• **PROBLEM TO SOLVE**
Set down the entries again word for word, without any of the images.

• **SUPPLIED MATERIAL**
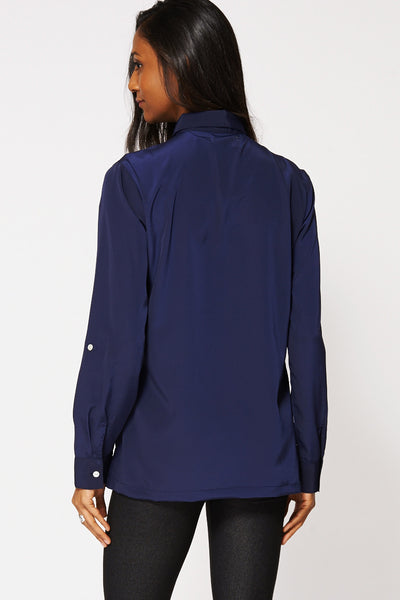 Faux Pearl Collar Detail Shirt with Optional Tabs in Navy Blue Ex-Branded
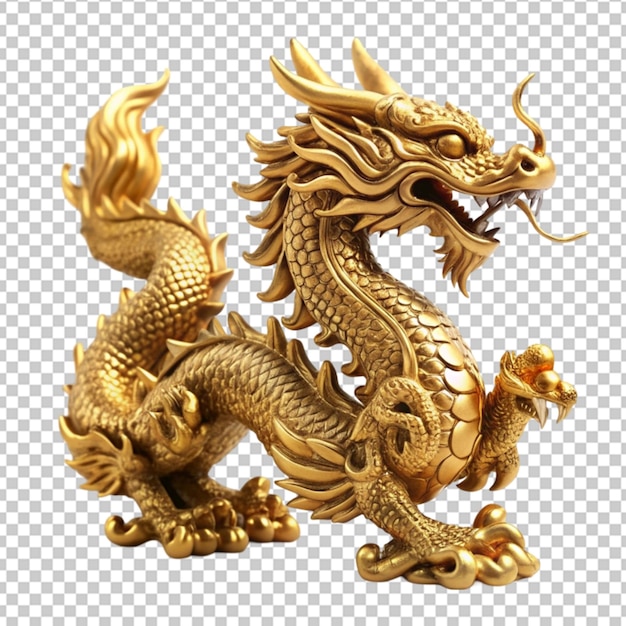 PSD gold chinese dragon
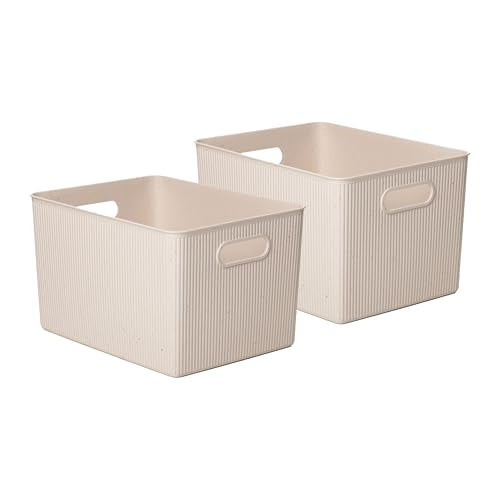 Superio Eco-Friendly Decorative Plastic Basket Open Home Storage Bins Organizer Baskets, X-Large (2 Pack) Container Boxes for Organizing Closet Storage Bins for Shelves Drawer Shelf 22 Liter - color: Eco-Friendly, size: 22 Liter (2 Pack)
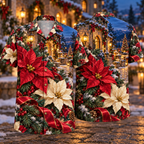 Digital mockup: front and back of one AlohaVero Christmas Ruby Poinsettia Ivory Ribbon Emerald Fir Sapphire Lantern Snowy Cottage Courtyard No Pocket Hawaiian shirt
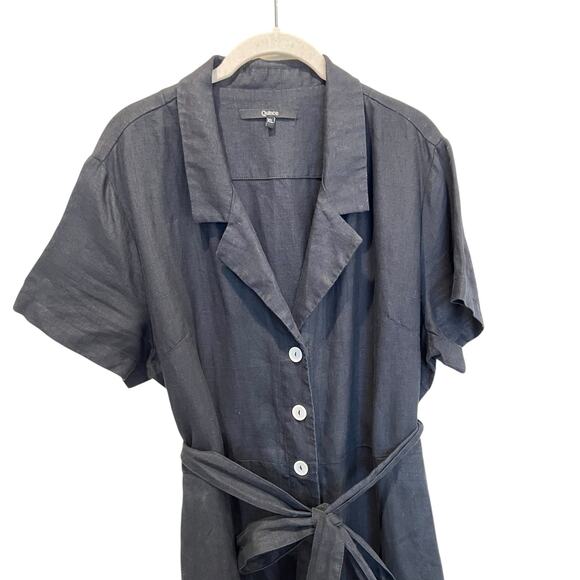 Quince 100% European Linen Button Front Dress in Black Women's XL - Picture 8 of 13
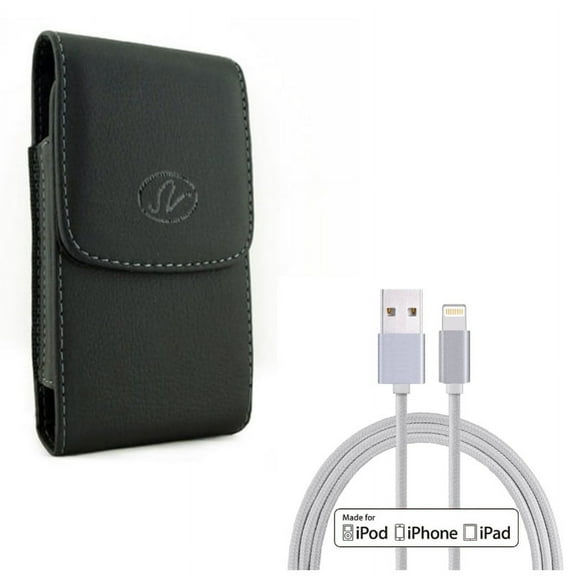 Leather Case Belt Clip w 10ft MFi USB Cable for #model_series - Holster Cover Pouch Vertical Carry and Certified Charger Cord Power Wire Braided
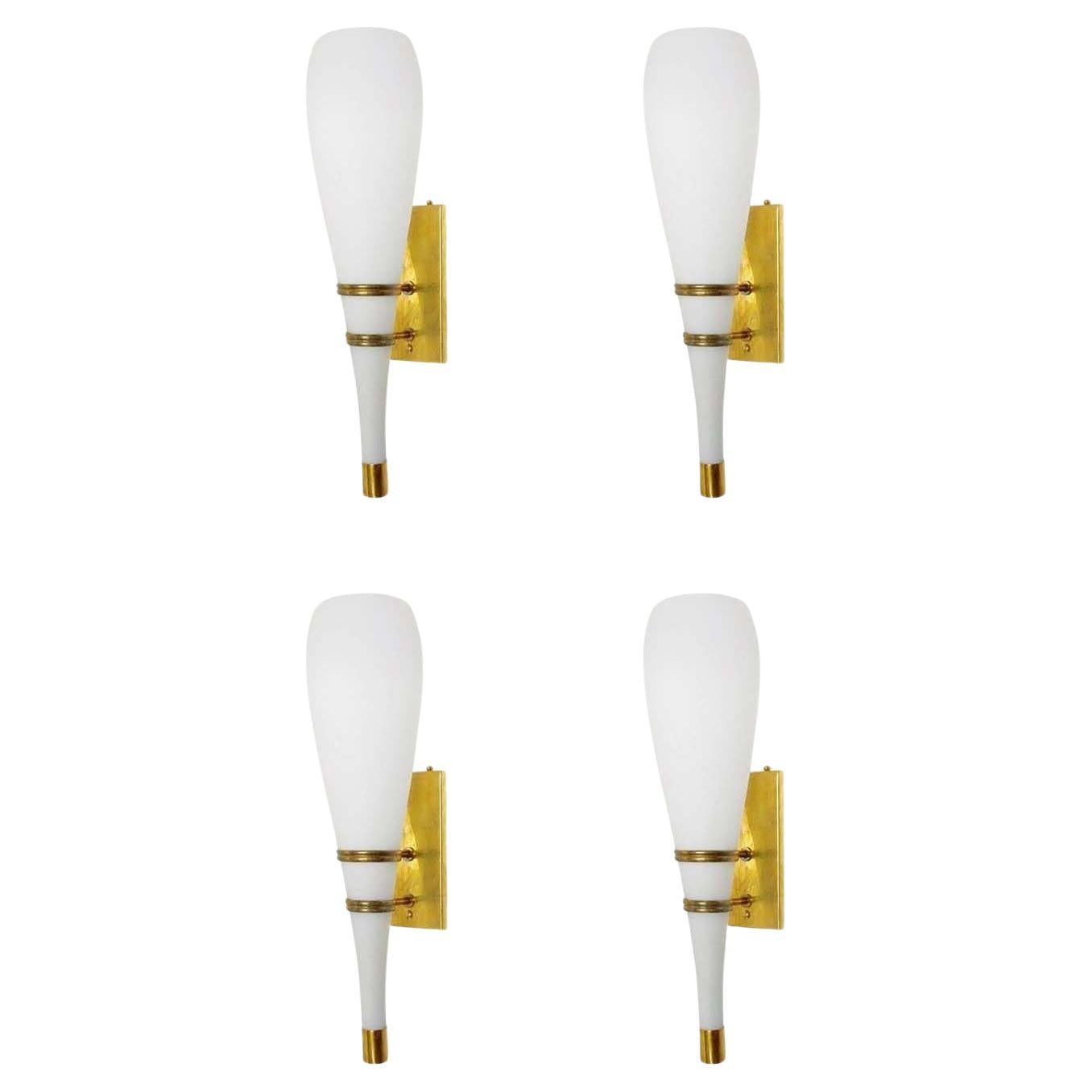 Set of Four Italian White Frosted Murano Glass Torch Sconces & Brass. 1960's.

• **TASK OUTPUT**
 Faux Pearl Collar Detail Shirt with Optional Tabs in Navy Blue Ex-Branded
 PSD gold chinese dragon
 Superio Eco-Friendly Decorative Plastic Basket Open Home Storage Bins Organizer Baskets, X-Large (2 Pack) Container Boxes for Organizing Closet Storage Bins for Shelves Drawer Shelf 22 Liter - color: Eco-Friendly, size: 22 Liter (2 Pack)
 Digital mockup: front and back of one AlohaVero Christmas Ruby Poinsettia Ivory Ribbon Emerald Fir Sapphire Lantern Snowy Cottage Courtyard No Pocket Hawaiian shirt
 Quince 100% European Linen Button Front Dress in Black Women's XL - Picture 8 of 13
 Leather Case Belt Clip w 10ft MFi USB Cable for #model_series - Holster Cover Pouch Vertical Carry and Certified Charger Cord Power Wire Braided
 Set of Four Italian White Frosted Murano Glass Torch Sconces & Brass. 1960's.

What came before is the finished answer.